Concerns / suggestions

1. Cancel-vs-finish race contradicts wire-level "mutually exclusive" wording (medium)

Finish doc in udf_protocol.proto says:

// Exactly one of [[Finish]] or [[Cancel]] is sent per Execute stream;
// they are mutually exclusive. If the engine has already sent
// [[Finish]] it MUST NOT send [[Cancel]] afterwards (and vice versa).
message Finish {}

…but the new Scala doc on WorkerSession describes a benign race:

 * Cancel-vs-finish race: when the session driver has finished
 * sending input (and therefore queued an implicit finish on the
 * underlying transport) and a [[cancel]] arrives concurrently, both
 * are valid stream-terminating actions; the response side carries
 * either a `FinishResponse` or a `CancelResponse` depending on which
 * the worker observes first, and either is acceptable to the caller.

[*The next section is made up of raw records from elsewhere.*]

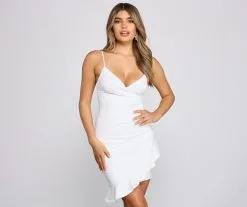 Windsor. Sweet Like Candy Ruffle Mini Dress -Formal Dresses Online Shop 05102 4086 1 cec787a1 f29a 44e2 8236 1fb5f265b3b3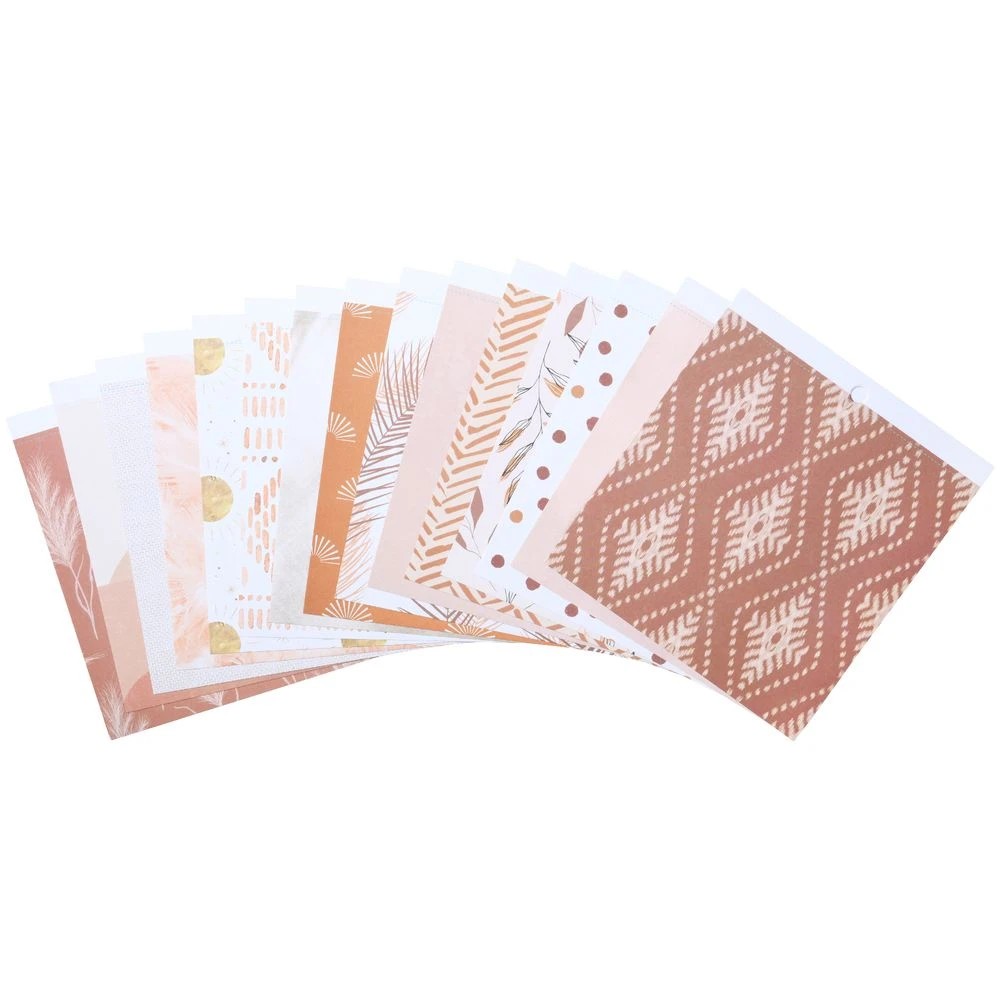 2 Born Paper Stack 15 x 15cm Boho 30 Sheets, 2 of 2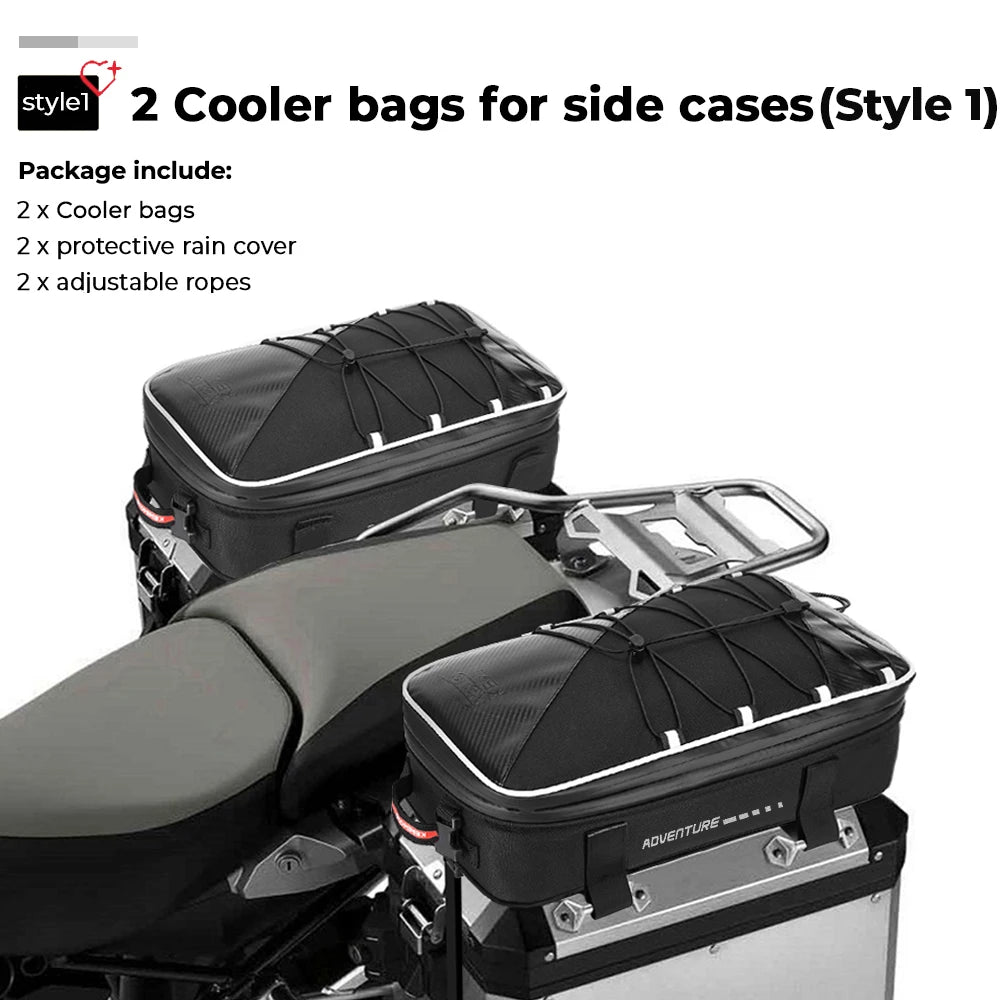 KEMIMOTO Top Bags for R1200GS LC For BMW R 1200GS LC R1250GS Adventure ADV F750GS F850GS Top Box Panniers Bag Case Luggage Bags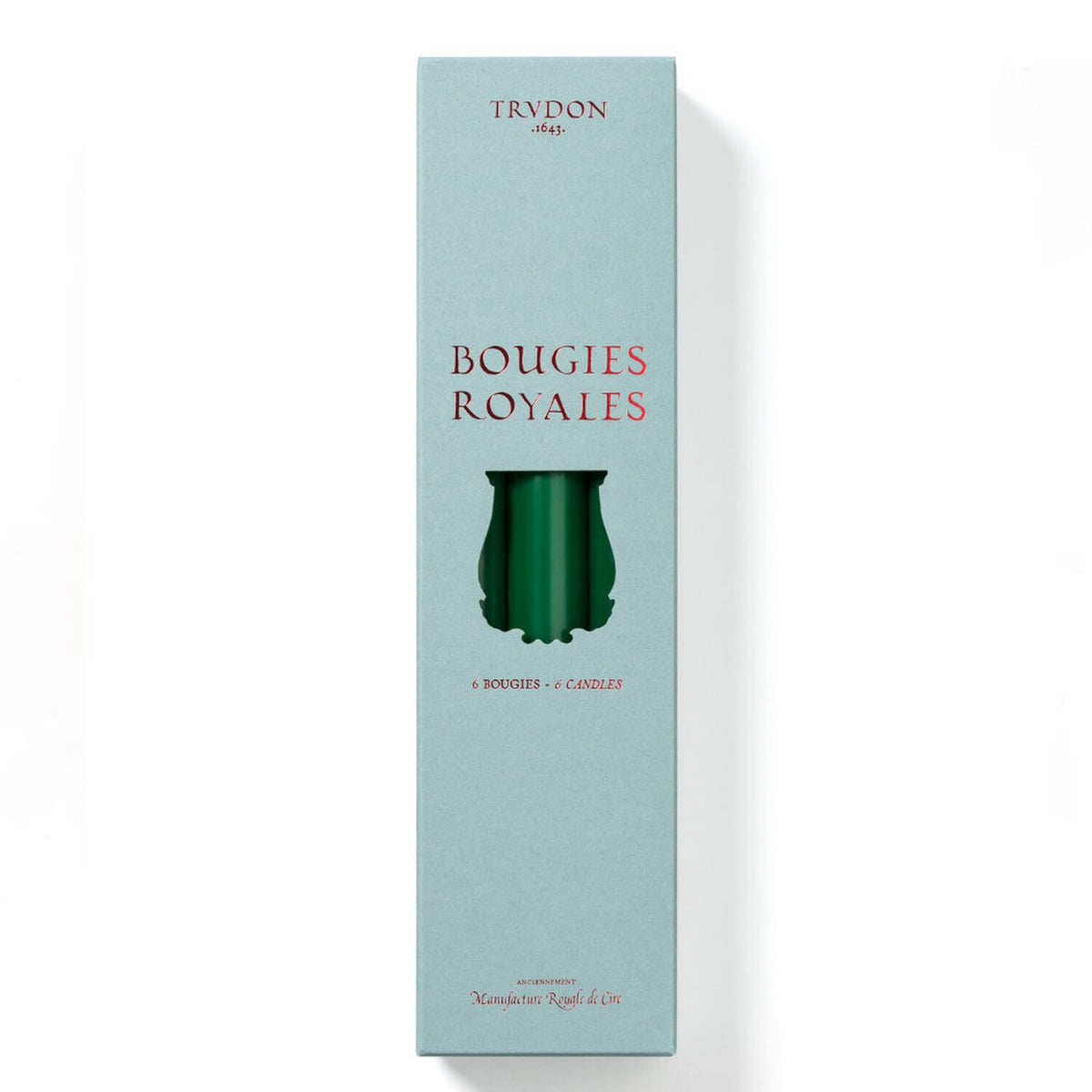 Chandelles Royales Vert Sapin - Trudon | Maison Diaphane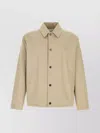 Burberry Gabardine Jacket With Collared Neck And Side Pockets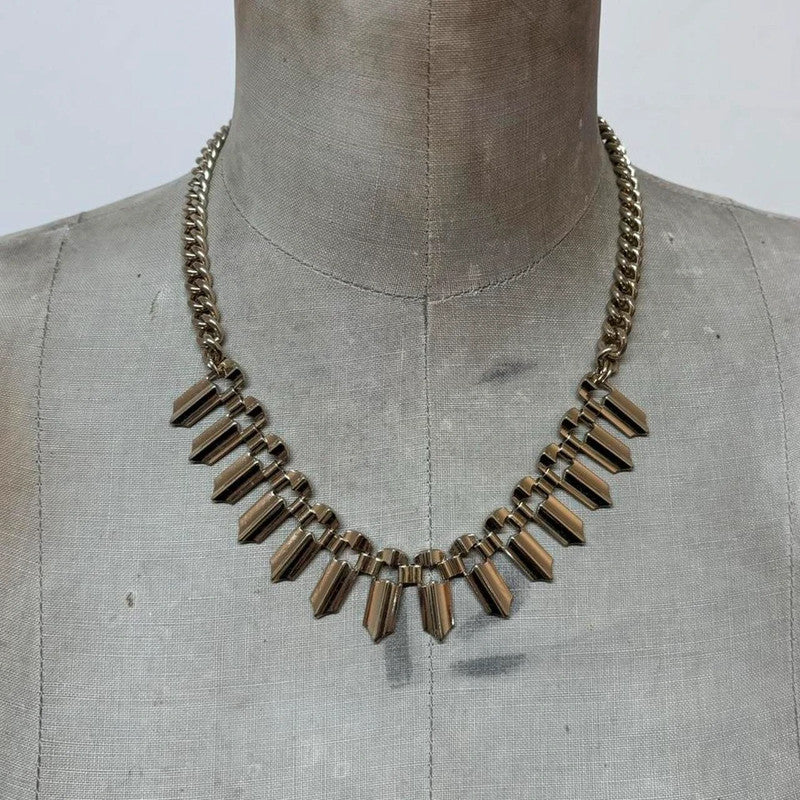 metal grunge spike necklace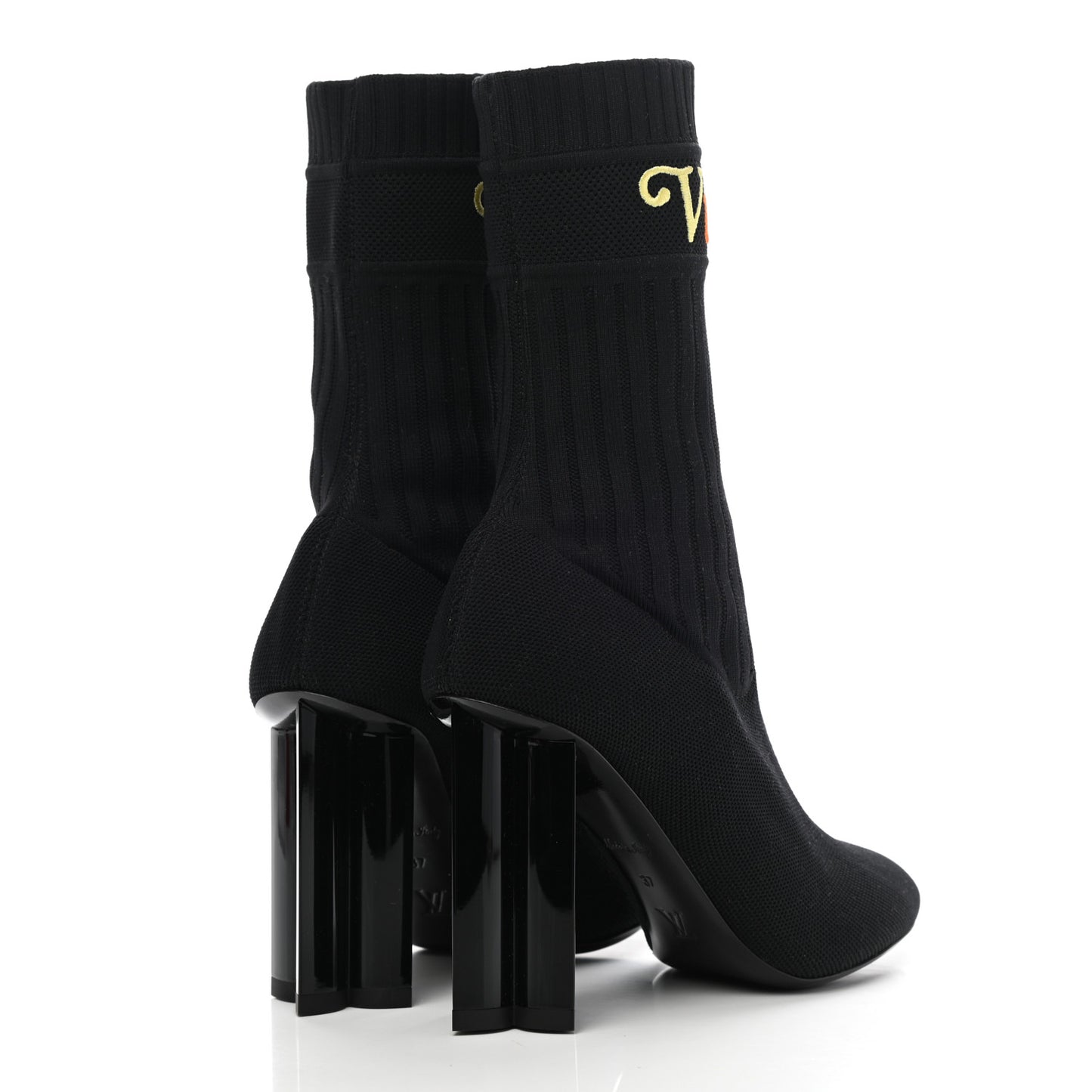 Stretch Fabric New Wave Silhouette Ankle Boots 37 Black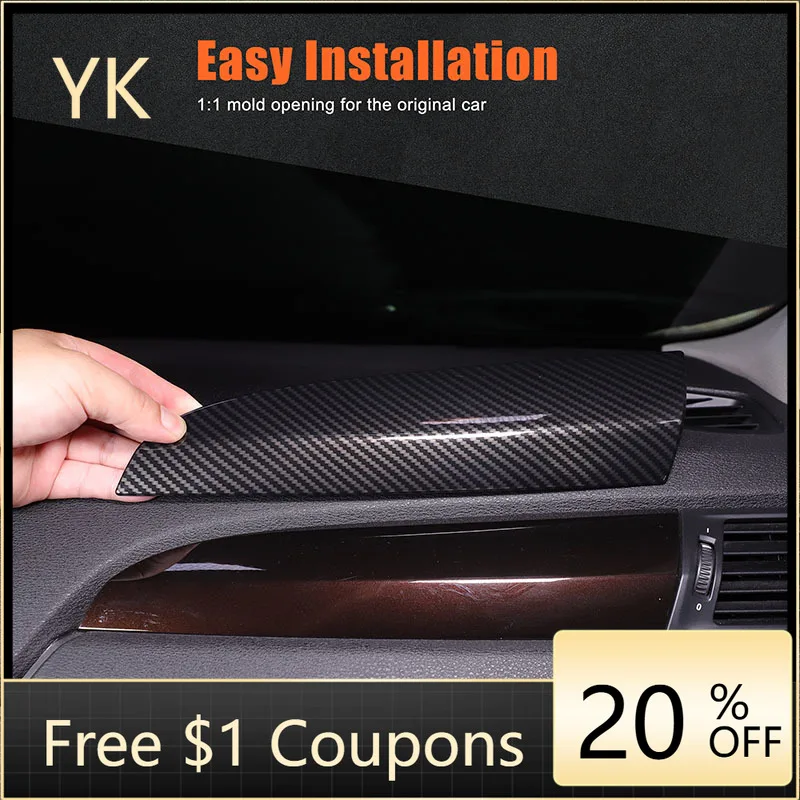 

Для BMW X3 X4 F25 F26 2011-2017 ABS углеродное волокно центральная консоль автомобиля второго пилота крышка панели отделка наклейки аксессуары для интерьера автомобиля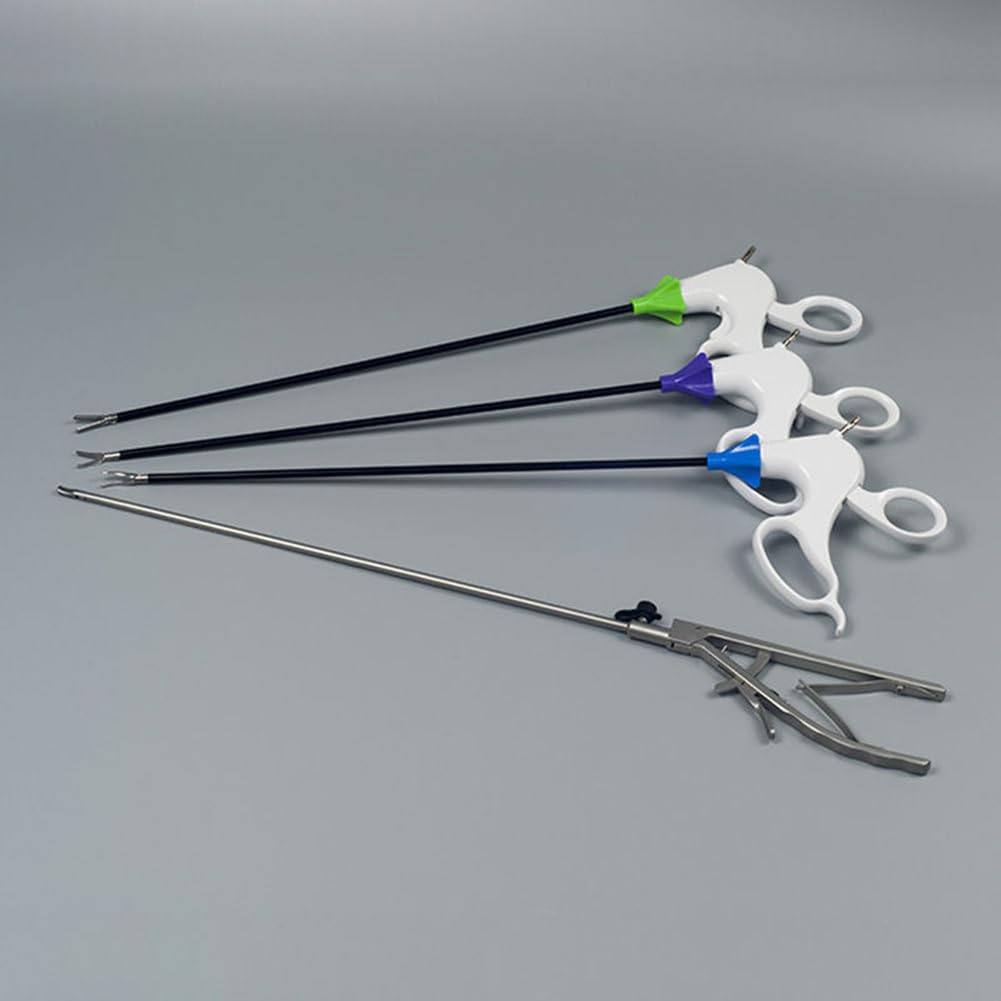 Instrumentos de Entrenamiento laparoscópico Disector Pinza Tijeras Portaagujas Juego de 4 Piezas 4 Instrumentos quirúrgicos Simulador de laparoscopia Reutilizable Trainer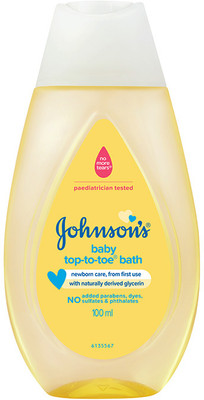 JOHNSON'S Baby Top-to-Toe Bath| No tears formula| Gentle wash| pH balanced(100 ml)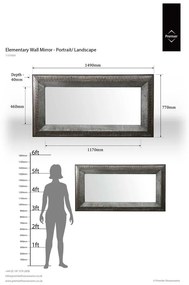 Nástenné zrkadlo 77x149 cm Elementary – Premier Housewares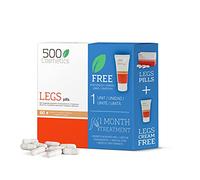 Packs 500Cosmetics Legs: Capsule + Crème naturelle pour prévenir et soulager les varices - Améliore la circulation sanguine et réduit l'enflure (1)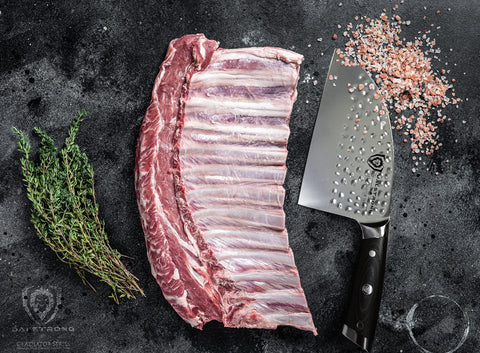 Dalstrong cuchillo serbio, certificado NSF, garantiza higiene y seguridad en la cocina.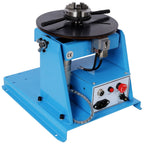 Portable Rotary Welding Positioner with 3 Jaw Lathe Chuck - Blue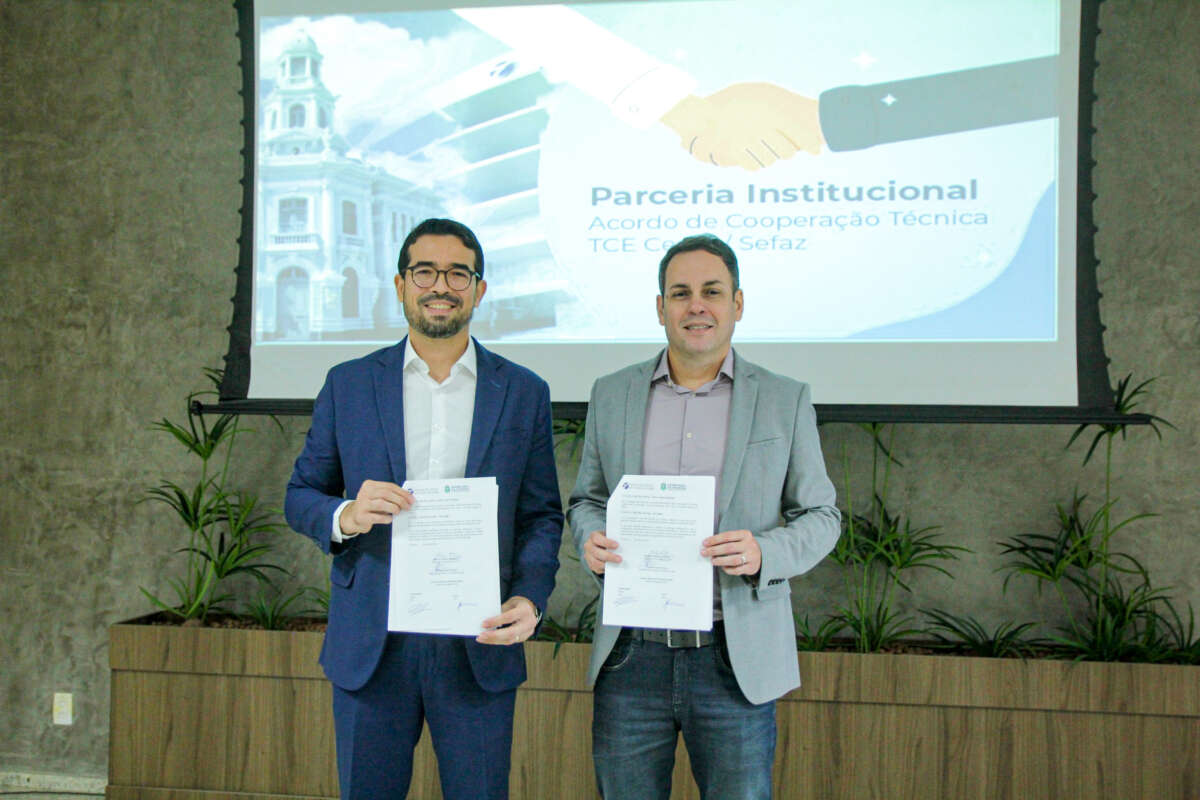 Sefaz-CE e TCE-CE firmam Acordo de Cooperação Técnica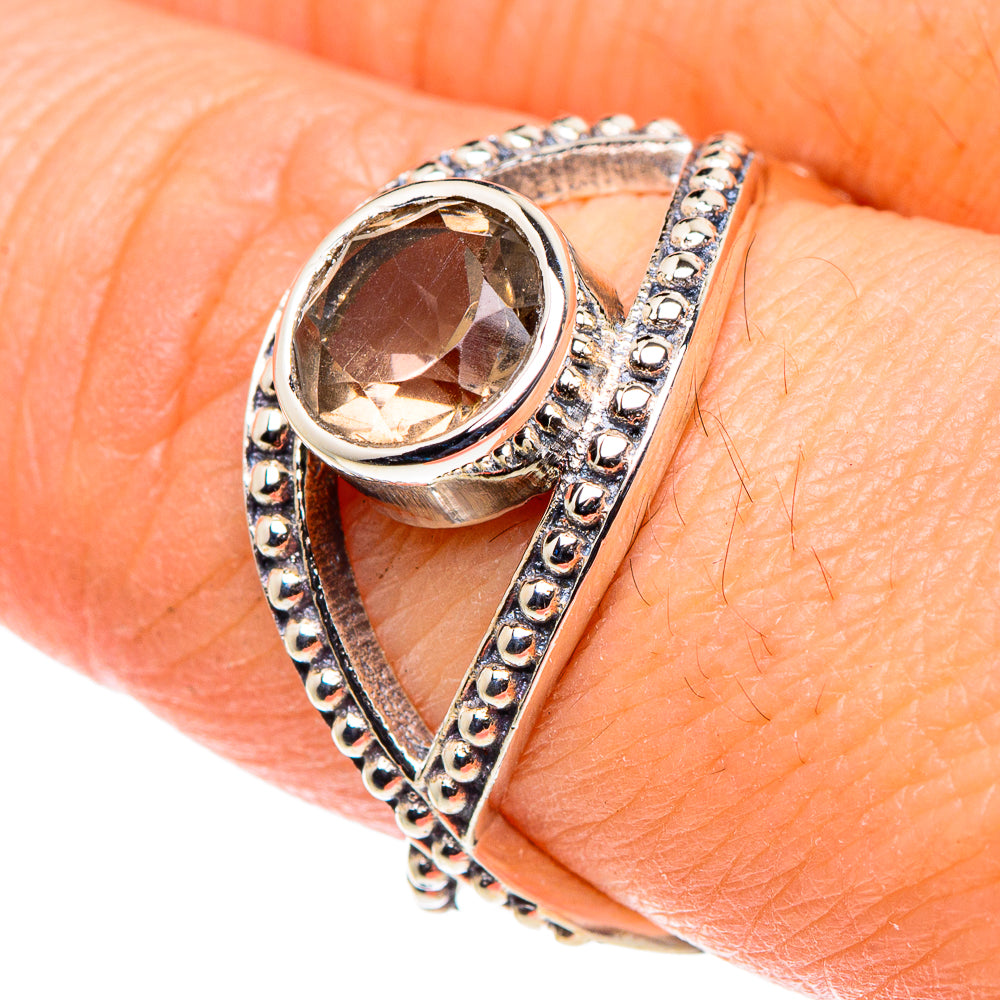 Smoky Quartz Rings handcrafted by Anasilvercos - RING88530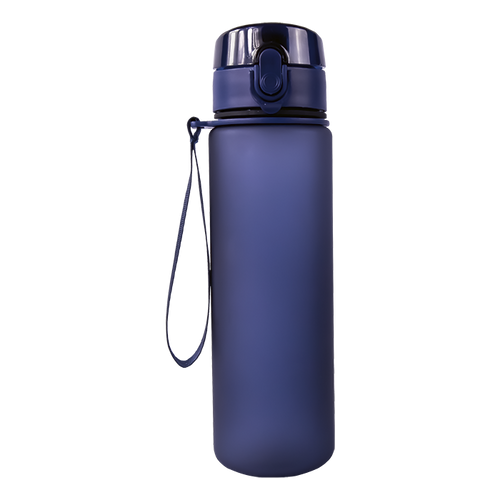 600ml Frosted Cylinder Water Bottle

If Finish is already queued on the transport and cancel() then writes Cancel, the engine has, on the wire, sent both — violating the proto's MUST NOT. Two reconciliations are possible, please pick one and state it clearly in the proto:

  • a) The wire really does forbid both, so cancel() after a buffered Finish is a no-op on the transport (just an early gRPC half-close). Reword the Scala "queued an implicit finish" sentence to match.
  • b) The wire tolerates a Cancel after Finish only before any FinishResponse has been observed (the engine raced with itself, not with another client). Then the proto MUST NOT needs softening to "MUST NOT send Cancel after observing FinishResponse" or similar.

As written, the Scala doc invites engine implementations that the proto's strict reading prohibits.

2. InitResponse timing vs. PayloadChunk is ambiguous (low/medium)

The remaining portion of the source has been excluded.